Segment Start: Data supplied

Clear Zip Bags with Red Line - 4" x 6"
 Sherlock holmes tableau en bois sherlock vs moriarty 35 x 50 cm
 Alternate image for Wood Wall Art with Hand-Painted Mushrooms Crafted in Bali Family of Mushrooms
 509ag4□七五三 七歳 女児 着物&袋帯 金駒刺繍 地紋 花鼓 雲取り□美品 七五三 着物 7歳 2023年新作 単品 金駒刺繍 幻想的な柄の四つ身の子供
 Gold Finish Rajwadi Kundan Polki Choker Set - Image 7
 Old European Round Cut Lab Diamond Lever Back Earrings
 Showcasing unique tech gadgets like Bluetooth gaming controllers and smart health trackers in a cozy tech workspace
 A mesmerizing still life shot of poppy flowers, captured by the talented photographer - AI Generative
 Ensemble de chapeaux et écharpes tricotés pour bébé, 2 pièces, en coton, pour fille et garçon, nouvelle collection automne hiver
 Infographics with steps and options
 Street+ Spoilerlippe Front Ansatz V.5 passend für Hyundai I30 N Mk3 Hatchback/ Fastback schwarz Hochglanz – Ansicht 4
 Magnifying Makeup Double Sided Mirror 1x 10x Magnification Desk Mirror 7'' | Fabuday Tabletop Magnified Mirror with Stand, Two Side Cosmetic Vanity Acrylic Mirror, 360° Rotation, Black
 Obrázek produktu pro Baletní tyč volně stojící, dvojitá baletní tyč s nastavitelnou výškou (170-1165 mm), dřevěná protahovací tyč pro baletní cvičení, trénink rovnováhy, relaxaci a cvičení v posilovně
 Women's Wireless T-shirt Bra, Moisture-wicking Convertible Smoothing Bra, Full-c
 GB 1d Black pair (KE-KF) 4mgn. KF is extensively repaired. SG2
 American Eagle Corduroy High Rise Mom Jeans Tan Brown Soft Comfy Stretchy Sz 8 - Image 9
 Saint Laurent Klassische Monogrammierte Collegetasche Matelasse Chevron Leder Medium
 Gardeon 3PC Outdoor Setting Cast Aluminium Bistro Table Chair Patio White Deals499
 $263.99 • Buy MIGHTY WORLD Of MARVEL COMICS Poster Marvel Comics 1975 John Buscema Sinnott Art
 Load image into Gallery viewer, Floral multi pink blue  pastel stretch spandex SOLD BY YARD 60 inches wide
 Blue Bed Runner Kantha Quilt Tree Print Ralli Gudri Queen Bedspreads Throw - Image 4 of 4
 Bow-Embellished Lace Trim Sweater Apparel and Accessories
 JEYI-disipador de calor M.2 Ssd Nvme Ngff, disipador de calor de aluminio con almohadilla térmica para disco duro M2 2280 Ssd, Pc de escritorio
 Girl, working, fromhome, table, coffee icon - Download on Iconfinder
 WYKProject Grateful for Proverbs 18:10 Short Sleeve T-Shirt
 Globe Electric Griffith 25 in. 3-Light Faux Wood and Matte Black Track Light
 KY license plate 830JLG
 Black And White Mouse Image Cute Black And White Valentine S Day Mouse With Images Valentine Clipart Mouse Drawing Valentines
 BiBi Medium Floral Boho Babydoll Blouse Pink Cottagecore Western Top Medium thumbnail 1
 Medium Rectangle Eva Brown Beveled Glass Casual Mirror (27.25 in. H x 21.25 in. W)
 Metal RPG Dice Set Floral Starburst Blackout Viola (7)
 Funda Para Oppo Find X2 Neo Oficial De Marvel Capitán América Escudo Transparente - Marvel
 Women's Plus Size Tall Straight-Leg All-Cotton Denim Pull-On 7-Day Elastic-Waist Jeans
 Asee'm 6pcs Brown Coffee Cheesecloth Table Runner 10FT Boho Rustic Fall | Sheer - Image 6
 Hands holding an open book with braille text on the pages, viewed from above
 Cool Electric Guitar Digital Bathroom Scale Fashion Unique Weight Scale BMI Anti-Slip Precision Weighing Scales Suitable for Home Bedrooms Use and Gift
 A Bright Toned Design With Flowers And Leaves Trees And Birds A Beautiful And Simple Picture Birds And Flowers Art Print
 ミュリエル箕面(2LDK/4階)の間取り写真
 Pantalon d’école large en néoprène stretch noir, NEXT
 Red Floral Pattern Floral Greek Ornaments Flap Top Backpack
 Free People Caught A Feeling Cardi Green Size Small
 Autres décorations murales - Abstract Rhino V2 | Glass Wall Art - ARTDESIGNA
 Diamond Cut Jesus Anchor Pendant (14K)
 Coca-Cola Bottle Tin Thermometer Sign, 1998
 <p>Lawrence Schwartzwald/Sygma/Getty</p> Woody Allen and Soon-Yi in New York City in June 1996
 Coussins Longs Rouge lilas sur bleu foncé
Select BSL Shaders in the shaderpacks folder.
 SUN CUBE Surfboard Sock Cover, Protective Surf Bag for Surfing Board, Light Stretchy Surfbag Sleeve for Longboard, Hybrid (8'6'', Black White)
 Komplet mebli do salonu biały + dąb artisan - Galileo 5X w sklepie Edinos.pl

Segment End: Data supplied

Problem details => All the lines that hold the word "Size" must appear in the answer, copied from the records.

Written solution =>
 Women's Plus Size Tall Straight-Leg All-Cotton Denim Pull-On 7-Day Elastic-Waist Jeans
 Free People Caught A Feeling Cardi Green Size Small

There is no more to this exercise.